K. Polash

Posted on Apr 1

Why Your System Fails on the Most Predictable Day of the Year

#architecture #backend #distributedsystems #systemdesign

Most applications don't fail because of bad code.

They fail because of bad architecture decisions made early that nobody questioned
until it was too late.

Here's what actually breaks systems at scale:

Everything talking to everything (no clear boundaries)
The database doing work the application should do
Synchronous processing where async was needed
One giant service that owns too much responsibility
No separation between reads and writes under heavy load

None of these are framework problems. None of these are language problems.
They are thinking problems.

The Scenario: University Enrollment Day

Think about course enrollment day at any university.

Every semester, thousands of students flood the portal at the exact same time, each trying to register for their courses. The load is not a surprise. The date is on the calendar. It happens every single semester like clockwork.

But the system was never designed for it.

Every request hits the same flow — check eligibility, check seat availability, write enrollment, update seat count — all synchronously, all at once. No queue. No cache. No separation between reads and writes. Just a database choking under the weight of an entirely predictable moment.

Students get timeout errors. Duplicate enrollments. Lost seats they were fully eligible for. Everyone refreshes in panic. And every semester, someone calls IT to "increase the server capacity" and nothing really changes.

The code isn't broken. The thinking is.

What's Actually Going On

Most teams look at this and see one problem: too much traffic. So they throw more servers at it. It helps a little, then fails again next semester.

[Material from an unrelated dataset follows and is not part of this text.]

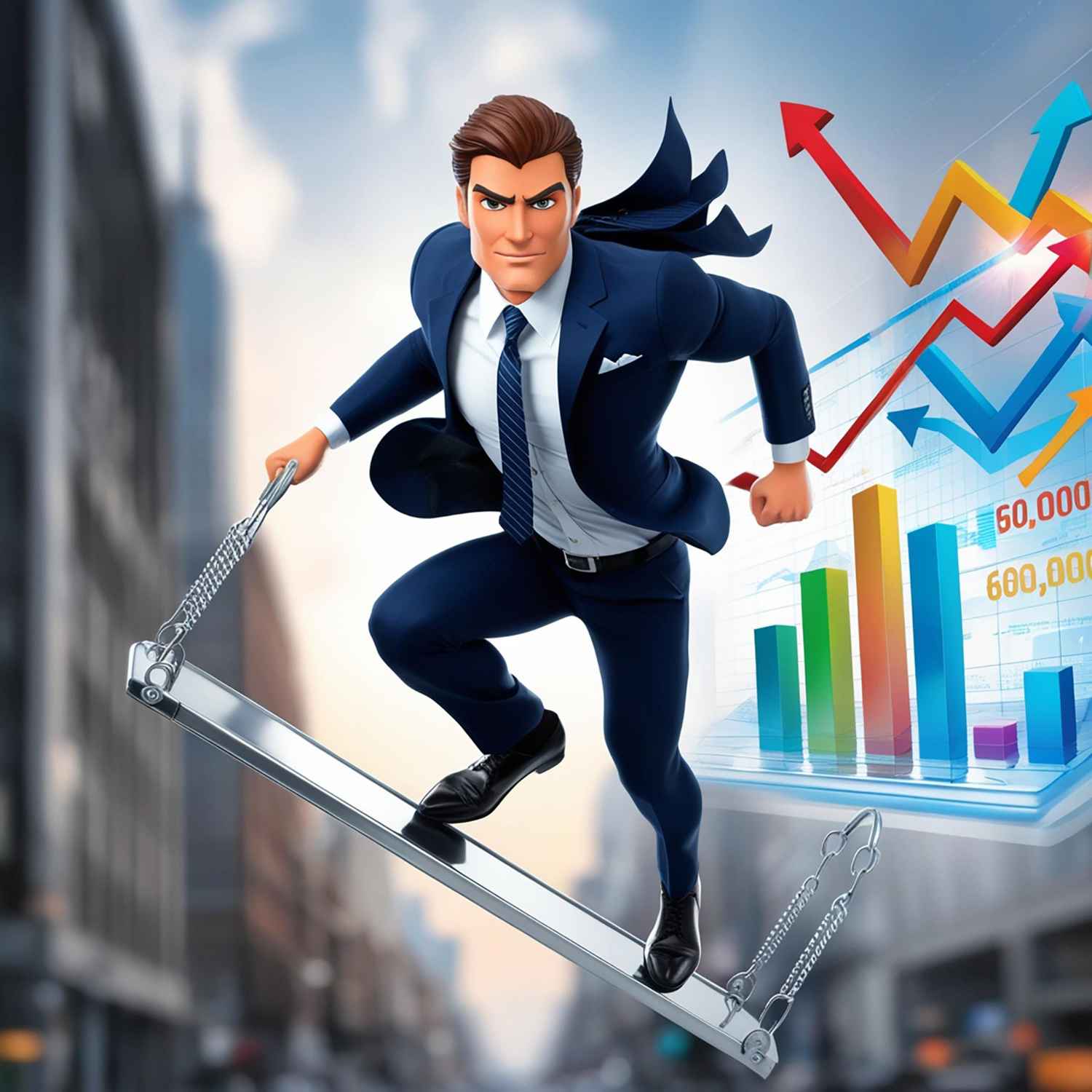 when the market moves rapidly. Execution speed plays a significant role in avoiding slippage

The reality is there are 5 separate problems here, each requiring a different solution. Solving one without the others just moves the failure to a different place.

🔥 The Spike

Thousands of simultaneous requests will bring any database to its knees regardless of hardware. A queue, a cache layer, and read/write separation need to work together. Most teams implement one and call it done.

🔁 The Race Condition

Even with a queue, two workers can read "1 seat available" at the same time, both pass eligibility, and both enroll into the last seat. The queue serialized intake. It did not serialize processing. You need locking — pessimistic, optimistic, or distributed — and each has real tradeoffs.

👆 The Double Click

A student hits Enroll and the page is slow. They click again. Now two identical requests are in flight. Even with locking in place, without idempotency handling both clicks can create two enrollment records. This is not a database problem. It is an API design problem — and the one most teams discover only after finding duplicate records in production.

💥 The Half-Enrolled Student

A successful enrollment is not one database write. It is a chain: write the record, decrement the seat count, send confirmation, update the academic record, generate a fee entry. What happens if the system crashes after step 2?

The seat is taken. The student has no confirmation. The database says enrolled. The academic record disagrees. Designing for the middle of failure is architecture. Designing only for the happy path is wishful thinking.

🕳️ The Stale Cache Trap

The cache says 5 seats available. The database already has 0. Students attempt to enroll based on stale data, hit the lock, fail, and get a confusing error even though the portal showed availability 3 seconds ago. The cache improved performance but silently introduced a trust problem. Cache invalidation strategy needs to be designed upfront, not patched after support tickets pile up.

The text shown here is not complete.